Partnering is used to improve a variety of working relationships, primarily between the Federal Government and contractors, by seeking to prevent disputes before they occur. The method relies on an agreement in principle to share the risks involved in completing a project and to establish and promote a nurturing environment. This is done through the use of team-building activities to help define common goals, improve communication, and foster a problem-solving attitude among the group of individuals who must work together throughout a contract’s term.


Partnering in the contract setting typically involves an initial partnering workshop after the contract award and before the work begins. This is a facilitated workshop involving the key stakeholders in the project. The purpose of the workshop is to develop a team approach to the project. This generally results in a partnership agreement that includes dispute prevention and resolution procedures.


Peer review is a problem-solving process where an employee takes a dispute to a group or panel of fellow employees and managers for a decision. The decision may or may not be binding on the employee and/or the employer, depending on the conditions of the particular process. If it is not binding on the employee, he or she would be able to seek relief in traditional forums for dispute resolution if dissatisfied with the decision under peer review. The principle objective of the method is to resolve disputes early before they become formal complaints or grievances.
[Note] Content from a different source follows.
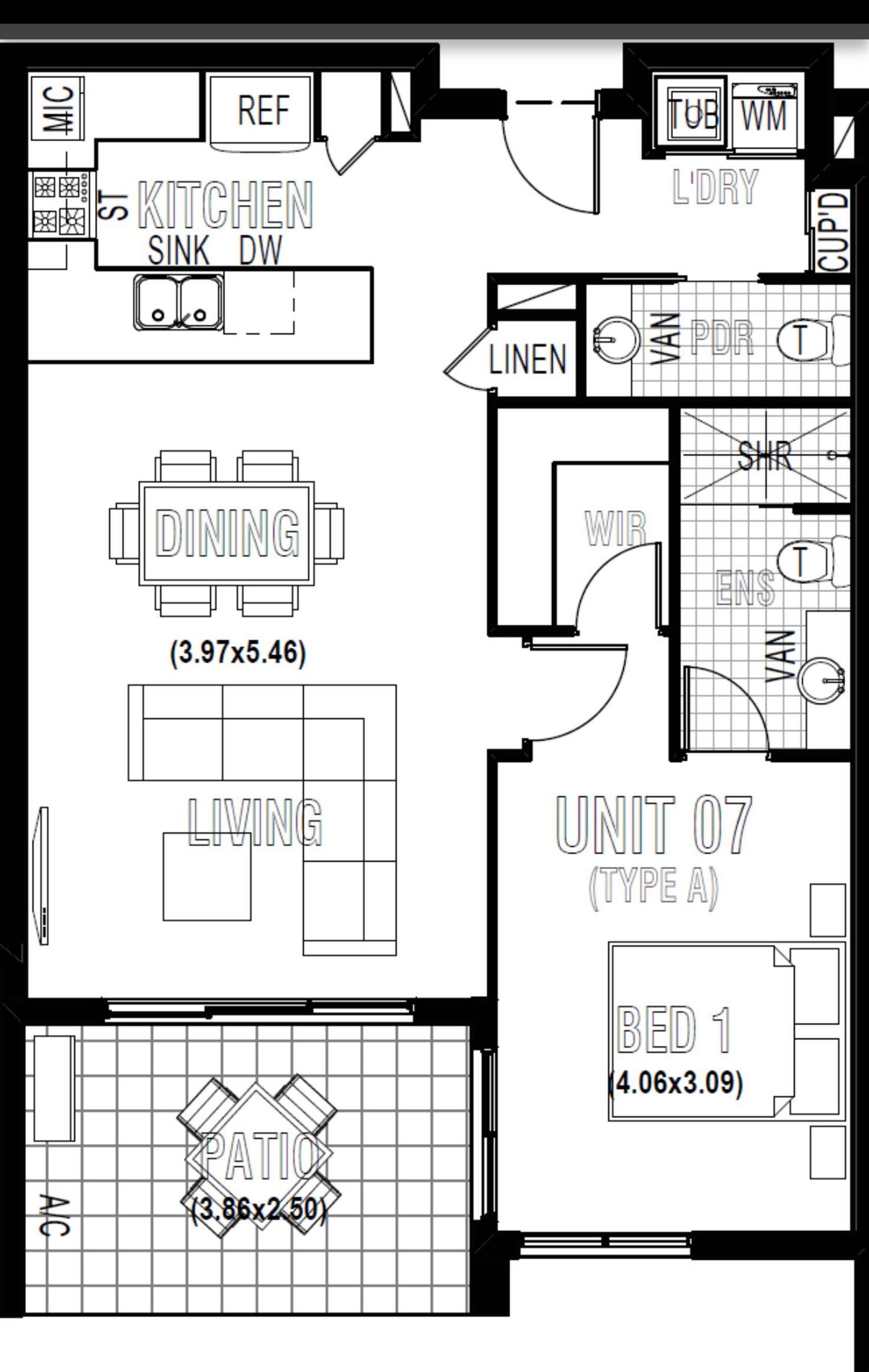 Floorplan of Homely unit listing, 7/30 Careel Close, Helensvale QLD 4212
Typically, the panel is made up of employees and managers who volunteer for this duty and who are trained in listening, questioning, and problem-solving skills as well as the specific policies and guidelines of the panel. Peer review panels may be standing groups of individuals who are available to address whatever disputes employees might bring to the panel at any given time. Other panels may be formed on an ad hoc basis through some selection process initiated by the employee, e.g., blind selection of a certain number of names from a pool of qualified employees and managers.